Question

In a family of 5 children what is the probability of have 1 boy and then 4 girls in that order. (Exclude multiple births and assume all outcomes)

Answer 1

Assuming that the probability of having a boy or a girl is equal (i.e., 0.5), the probability of having 1 boy and 4 girls in that order in a family of 5 children can be calculated as follows:

P(1 boy, 4 girls) = P(boy) x P(girl) x P(girl) x P(girl) x P(girl)

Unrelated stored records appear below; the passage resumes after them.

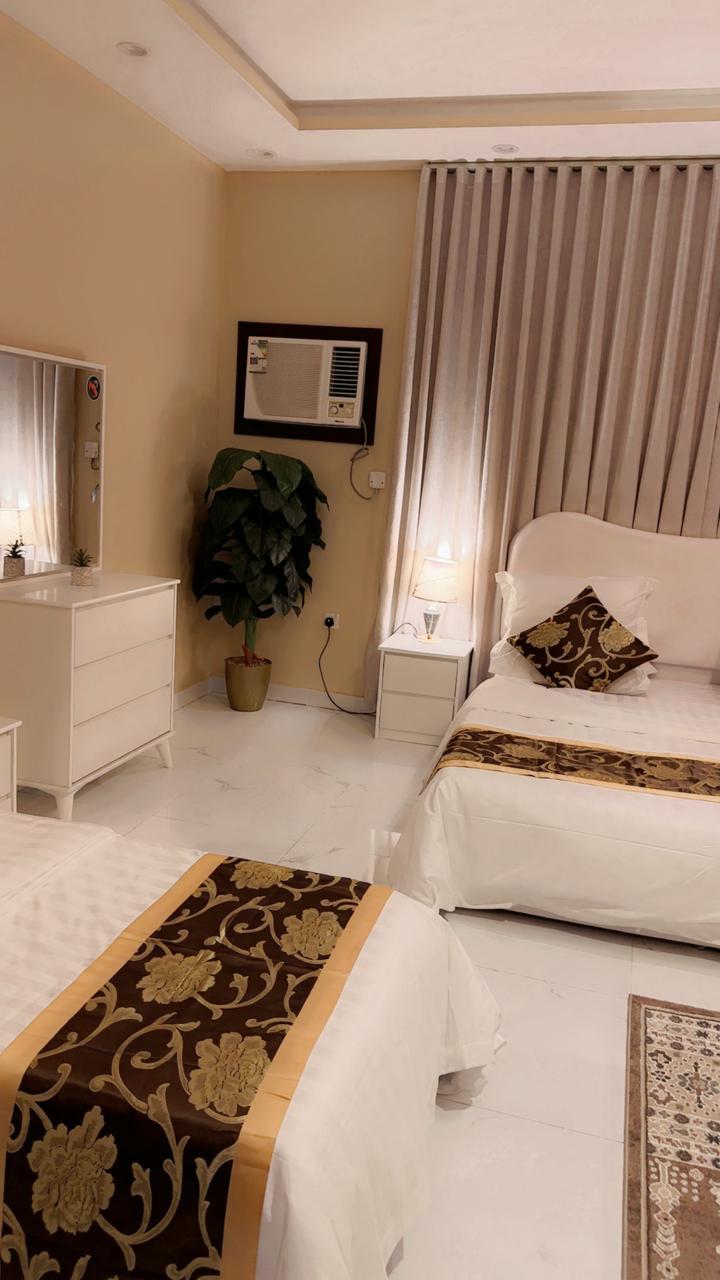 Elegant Studio with Comfortable and Simple Furniture | 5739 Bedroom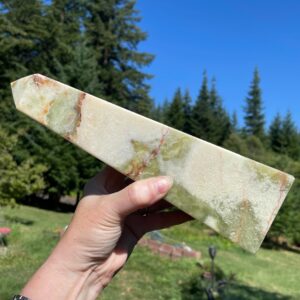 4.65 lbs Green Onyx Obelisk Pillar Tower Point Wand Column Generator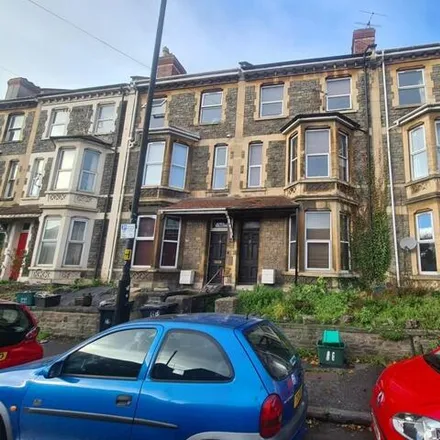 Rent this 6 bed townhouse on 11 Merchants Road in Bristol, BS8 4QB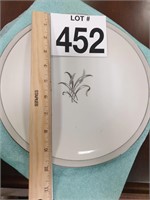 Craftsman china 13 plates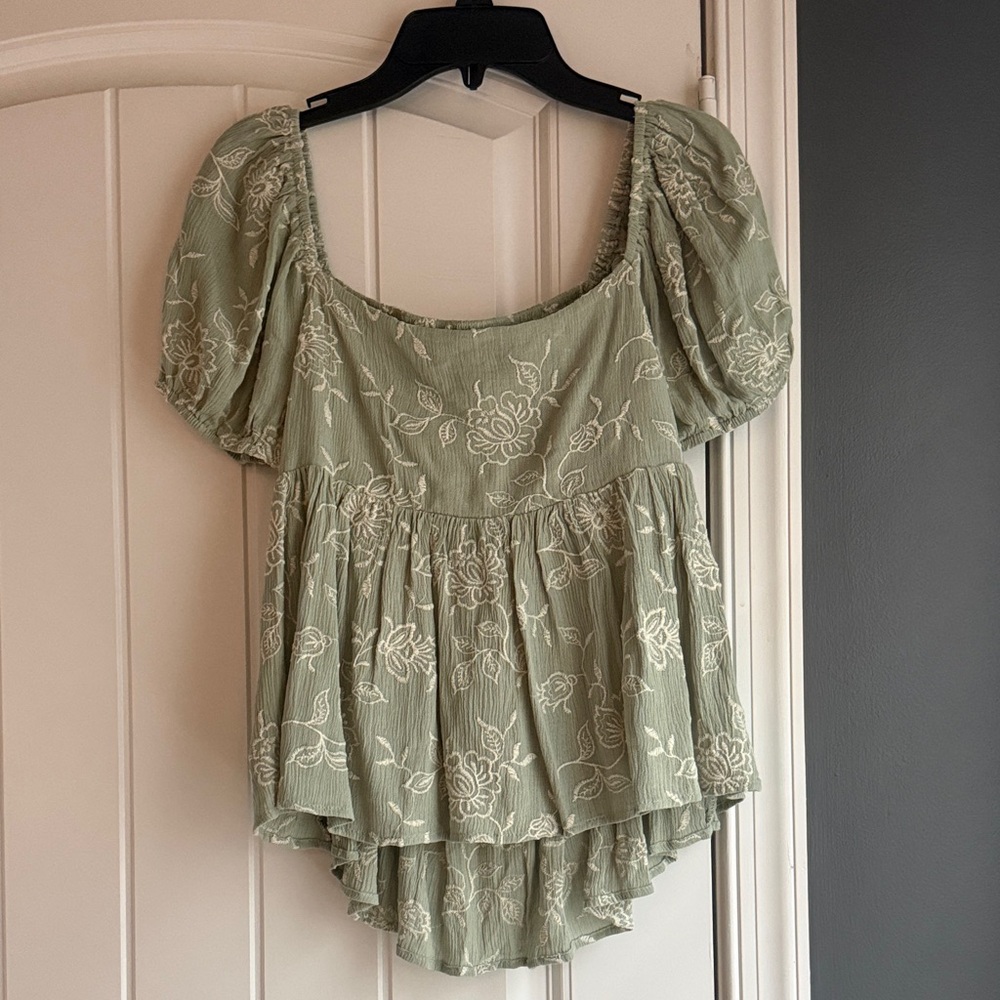 Floral Embroidered Green altar’d state top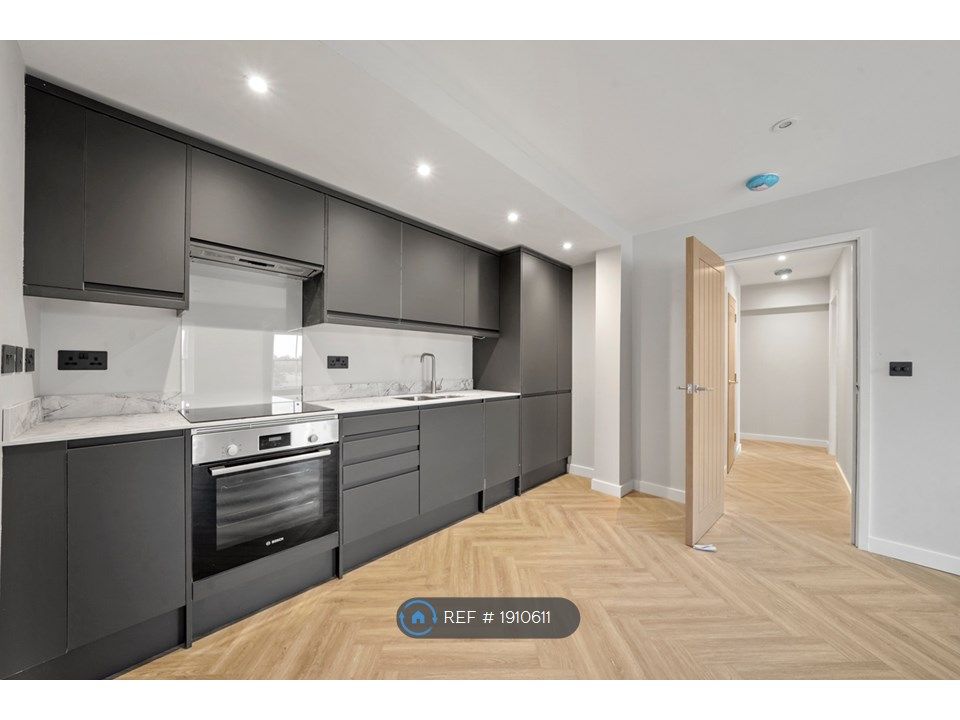 2 bed flat to rent in Chapel Street, Diss IP22, £1,100 pcm Zoopla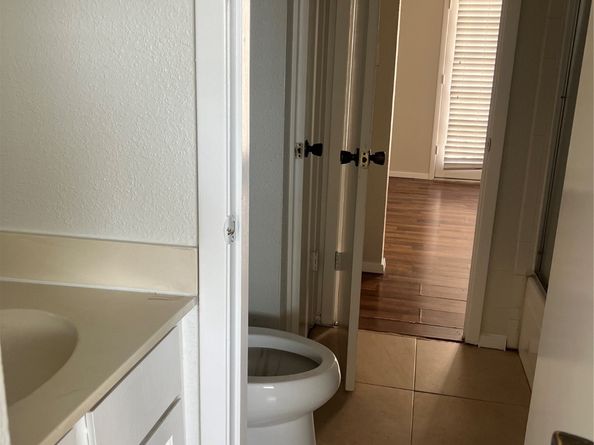6111 Beverly Hill Street 78, Houston TX 77057
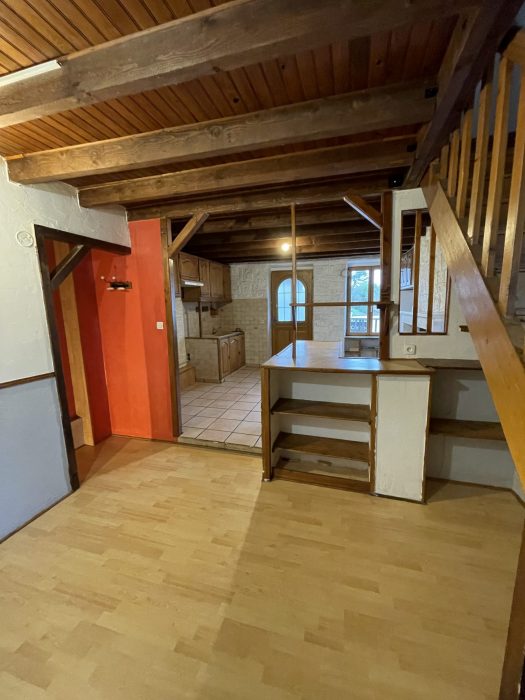 Maison mitoyenne 1 côté à vendre, 4 pièces - La Machine 58260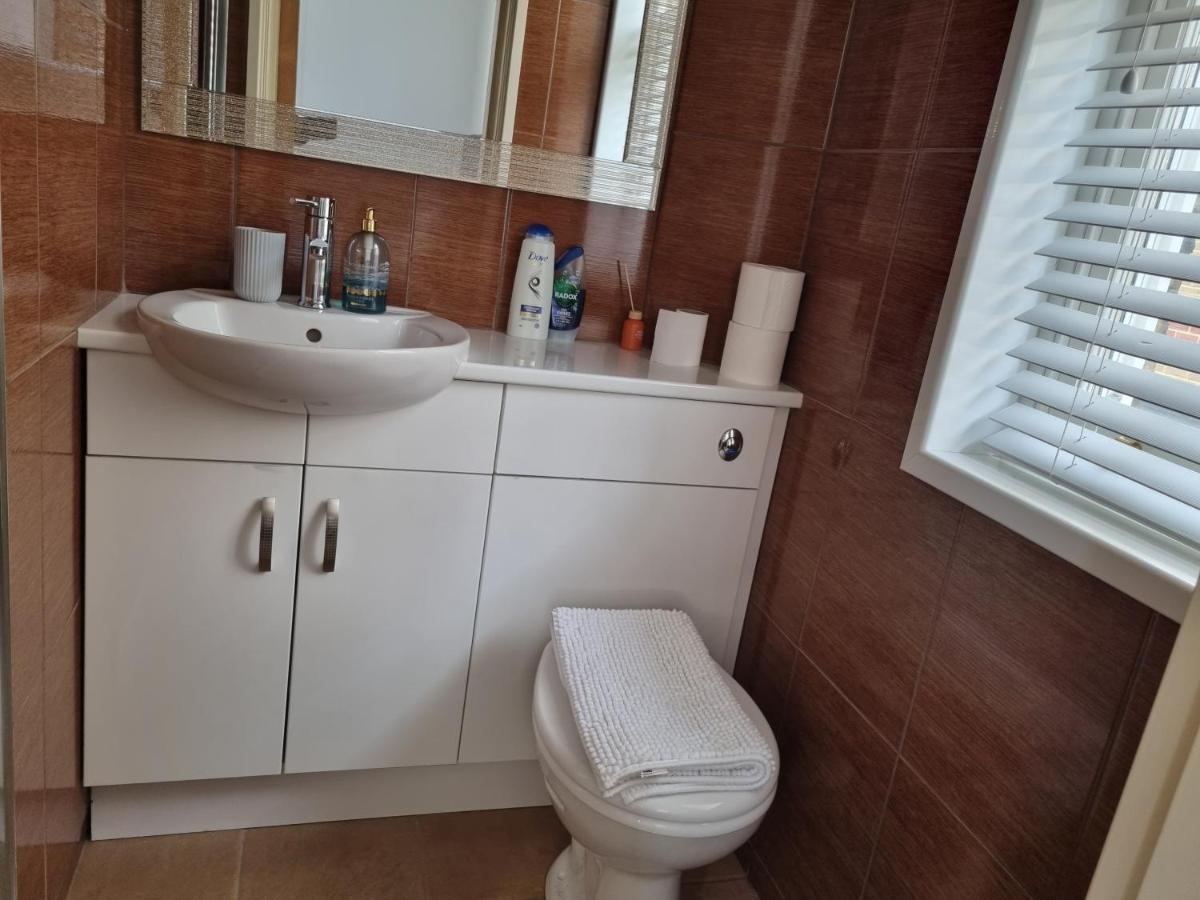 Stunning 2 Bed/2 Bath Flat In Waterloo, Londonアパートメント エクステリア 写真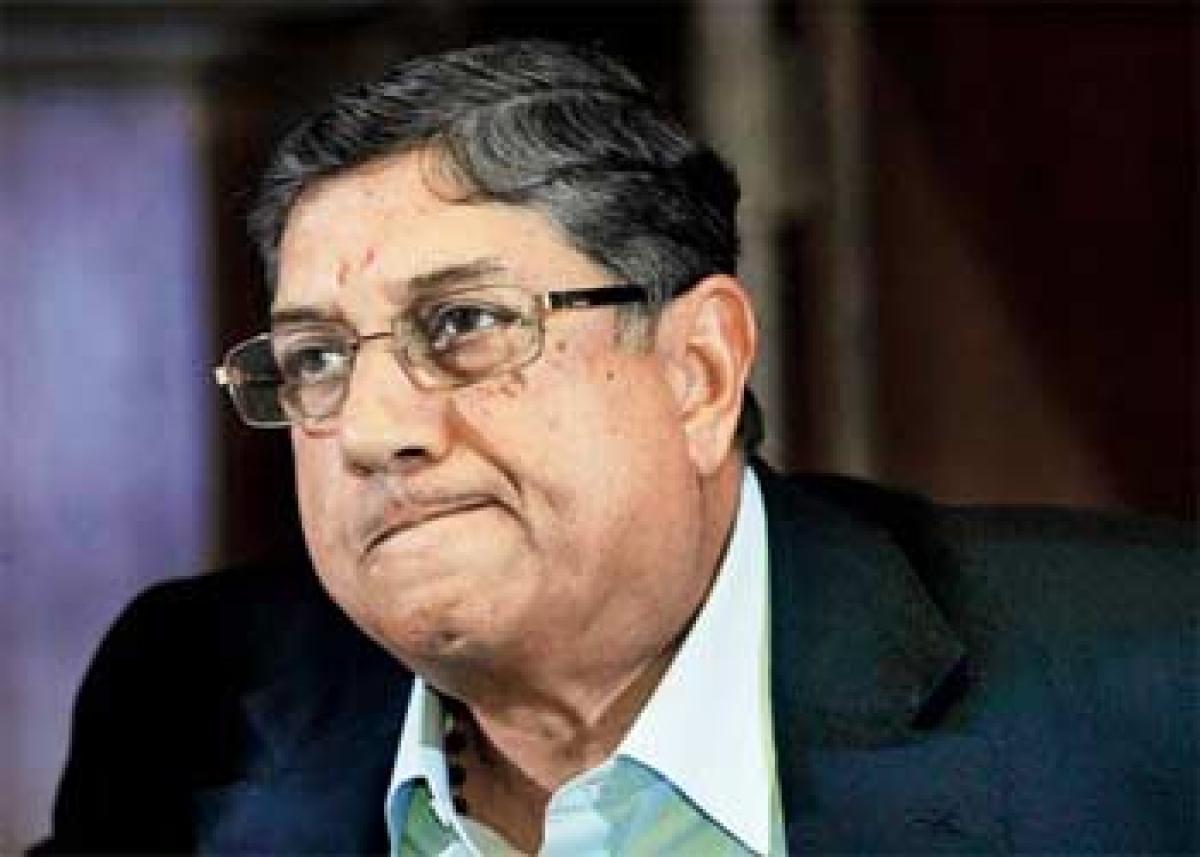 SC bars Srini from SGM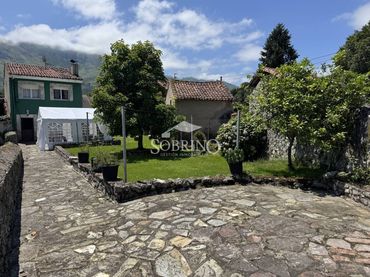 Casa amb jardí en venda a Calle PARRES 1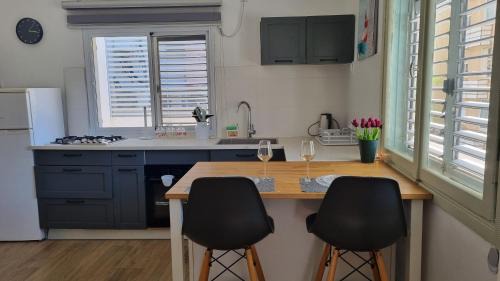 Rehovot Apartment | Stylish Quiet and Central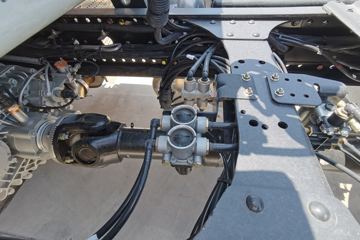 �������ó� ����X3 �������� 460���� 6X4 LNGǣ����(����)ͼƬ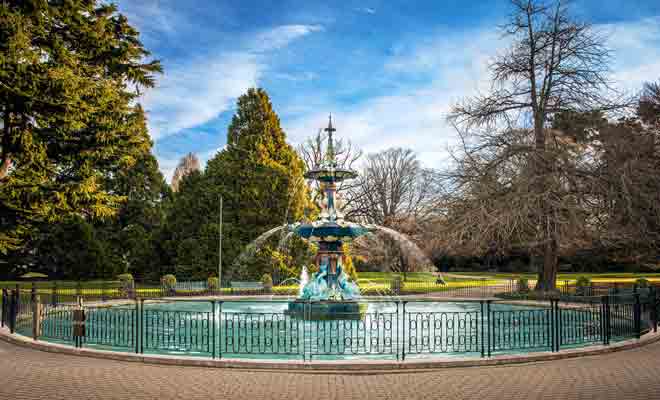 Le Jardin botanique possède plusieurs entrées, mais la plus connue se trouve sur Rolleston avenue, aisément reconnaissable à sa fontaine turquoise.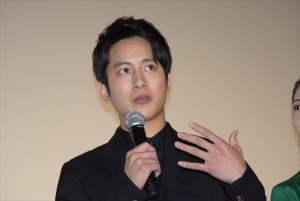 溝端淳平、『祈りの幕が下りる時』初日舞台挨拶に登壇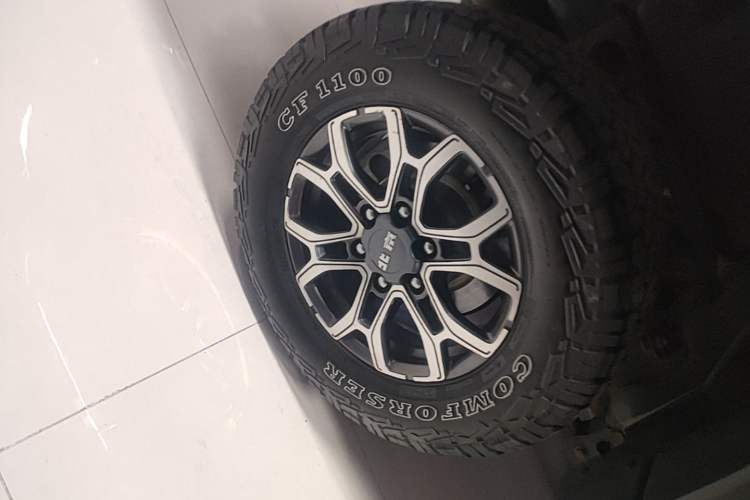 Used BAIC Off-Road BJ40 2020 2.0T Automatic Four-Wheel Drive Urban Hunter Edition Prestige Version Right Rear Wheel Hub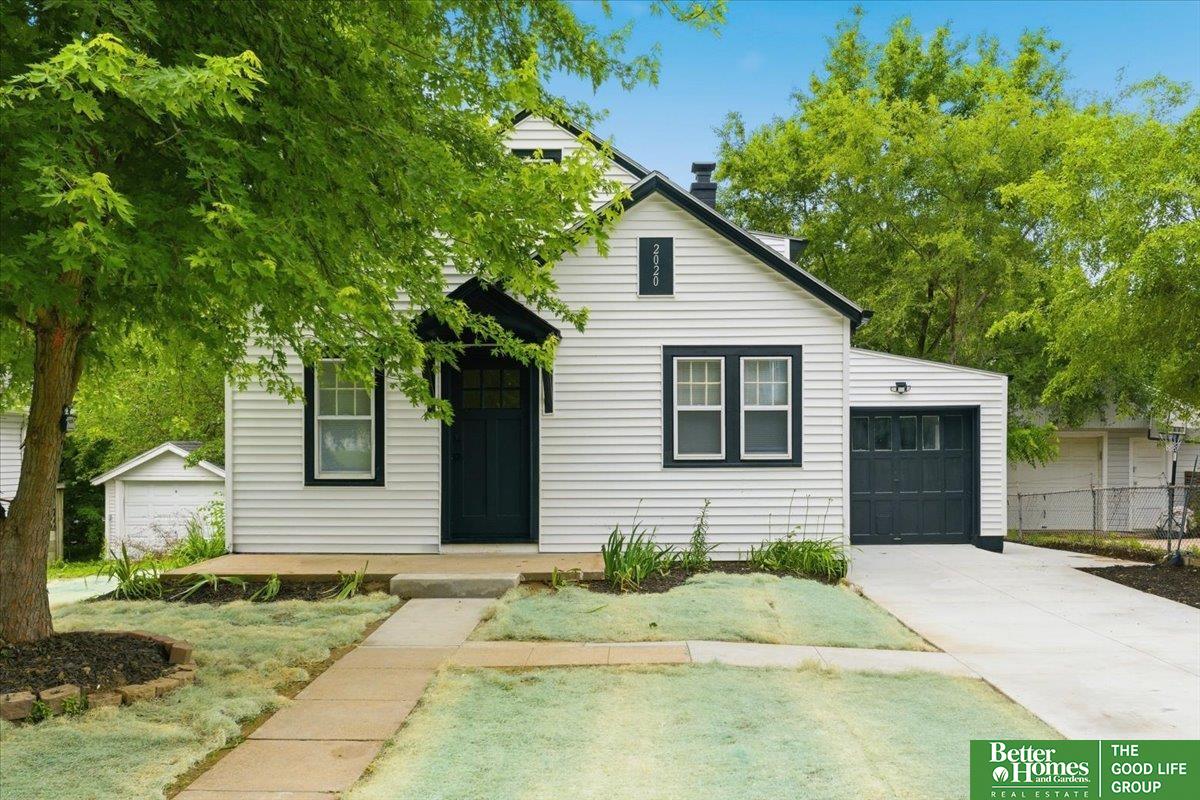 2020 N 64 Street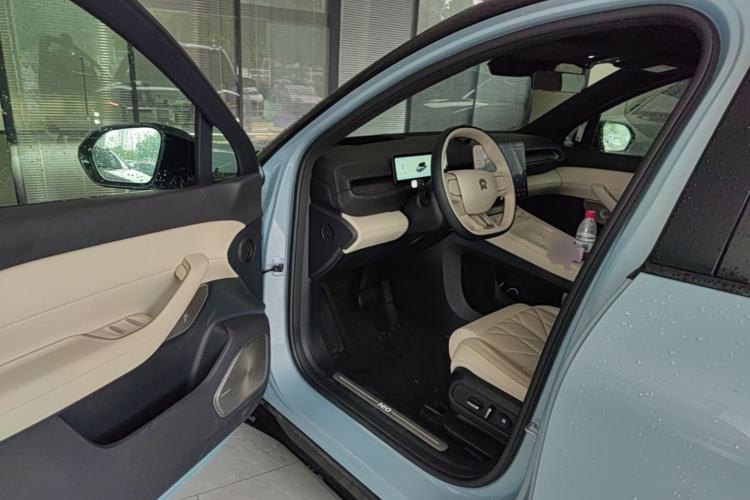 Used Nio ES6 2025 75 kWh Driver Seat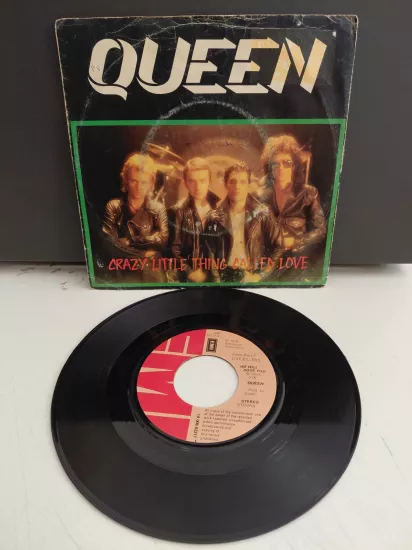 Queen –  Crazy Little Thing Called Love / 	We Will Rock You - 1979 Hollanda Basım 45’lik Plak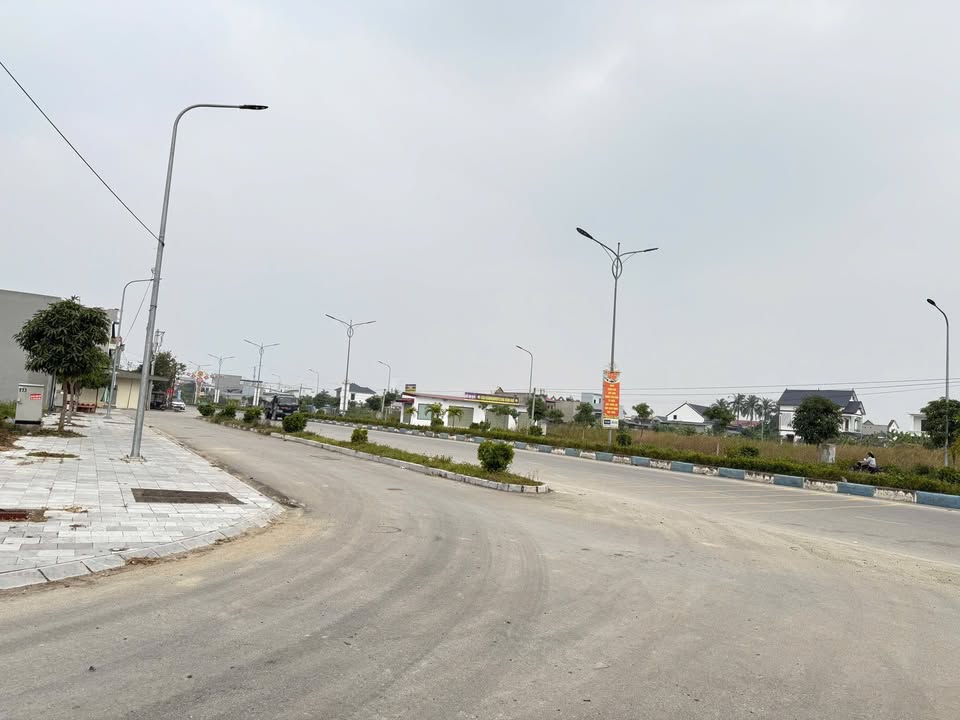 Đất nền Hoằng Thịnh 50m² giá 1.6 tỷ - Vị trí đắc địa, cơ hội đầu tư hấp dẫn!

where P(boy) is the probability of having a boy and P(girl) is the probability of having a girl.

Therefore, we have:

P(1 boy, 4 girls) = 0.5 x 0.5 x 0.5 x 0.5 x 0.5 = 0.5^5

= 0.03125 or 3.125%

So, the probability of having 1 boy and 4 girls in that order in a family of 5 children is 3.125%.

Answer 2

The probability of having 1 boy followed by 4 girls in a family of 5 children, assuming equal chance for both genders, is 3.125%, or 1/32, computed by multiplying the probability of each event occurring independently.

Step-by-step explanation:

The question asks for the probability of having 1 boy followed by 4 girls in a family of 5 children. Assuming the probability of having a boy or a girl is equal (since no specific information is provided), which is commonly approximated as 1/2 or 50%, we use basic principles of probability to calculate this scenario. The probability of a specific sequence of gender birth can be found by multiplying the probabilities of each individual event. In this case, having a boy (B) first and then four girls (GGGG) would be calculated as:

P(BGGGG) = P(B) × P(G) × P(G) × P(G) × P(G)

P(BGGGG) = (1/2) × (1/2) × (1/2) × (1/2) × (1/2) = (1/32)

So, the probability of having 1 boy followed by 4 girls, in that order, is 1/32 or approximately 3.125%.